THE WIDOW'S SECRET
Brian Thompson (Atlantic, £12.99)
Victorian crime novels are in vogue, following the success of Sarah Walter's lesbian romp Fingersmith. Oxford's Brian Thompson, author of the award-winning memoir Keeping Mum, is evidently hoping to jump on the bandwagon with his heroine Bella Wallis, intended to be the centre of a series of mysteries set partly in the 19th-century underworld and in partly in high society.
Bella is an unlikely sleuth, being herself the incognito author of a series of novels, written under the penname Henry Ellis Margam.
London society is dying to discover Ellis Margam's identity, because the books expose whichever scoundrel has crossed the path of the fragrant Bella.
She is irresistibly attractive to men, but disappoints a series of gormless lovers, since her proclivities lie elsewhere.

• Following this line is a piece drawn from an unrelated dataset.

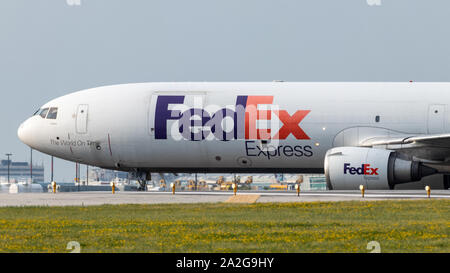 FedEx Express MD-11F (N596FE) leaving the runway after landing at Toronto Pearson Intl. Airport. Stock Photo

There is extra enjoyment for local readers, with references to the Feathers inn on the road to Wallingford, a fictional Berkshire manor house, and a hunt around the colleges and low-life of Oxford.
It's a diverting idea, though the book-within-a-book device sometimes fails to distract the reader from the unlikely plot.
But good luck to the author, who has obviously found his inner writer after a distinguished career in broadcasting - he's obviously having as good a time writing about Bella as she is when she wreaks her literary revenge on her latest target.